Moderation: Principles, policy and practice
This symposium presents three studies of moderation practice to achieve valid and reliable assessor judgements. The first, conducted by the Qualifications and Curriculum Authority, England, analyses models of moderation within assessing pupils' progress. Moderation proved a highly effective way of learning how to improve the quality of teachers’ own assessments as well as how to confirm the assessments of others. Findings revealed a positive impact on the nature and range of evidence used to support assessment, the accuracy of assessment, and the understanding of what characterises performance at a particular national curriculum level.
The second study, analyses Queensland’s senior secondary system of externally moderated school-based assessment. Students who take the same Queensland Studies Authority subject in different schools and who achieve the same standard through assessment programmes based on a common syllabus should be awarded the same level of achievement. The underpinning principles of reliability and validity, essential to any high stakes assessment system, will be highlighted in the analysis of how comparability of students’ results with respect to levels of achievement is realised.

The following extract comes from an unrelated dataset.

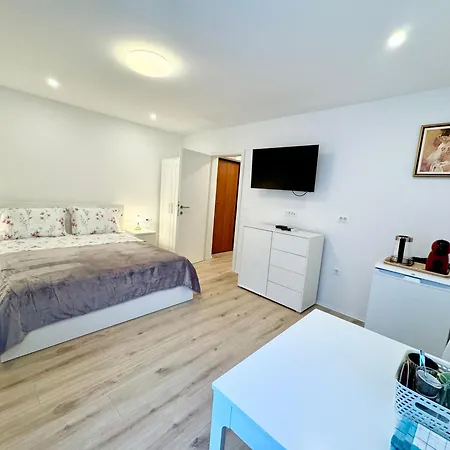 Happiness Apartment *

The final study, funded by ARC, QSA and NCCA, is situated in the middle years of schooling where teacher use of standards to judge the quality of student work has been introduced. The focus is on moderation and the use of standards to inform teacher judgment. Findings include: that the ‘meticulous specification’ of the procedure for making judgments results in an analytic approach while the use of representations of standards as continua helps promote a more holistic approach. Secondly, different disciplines deploy standards in different ways. Thirdly, annotated exemplars and accompanying commentary to illustrate standards prove beneficial to teacher judgment, however greater support, in the form of guidelines about the approaches and models of moderation, is required to achieve reliability and consistency.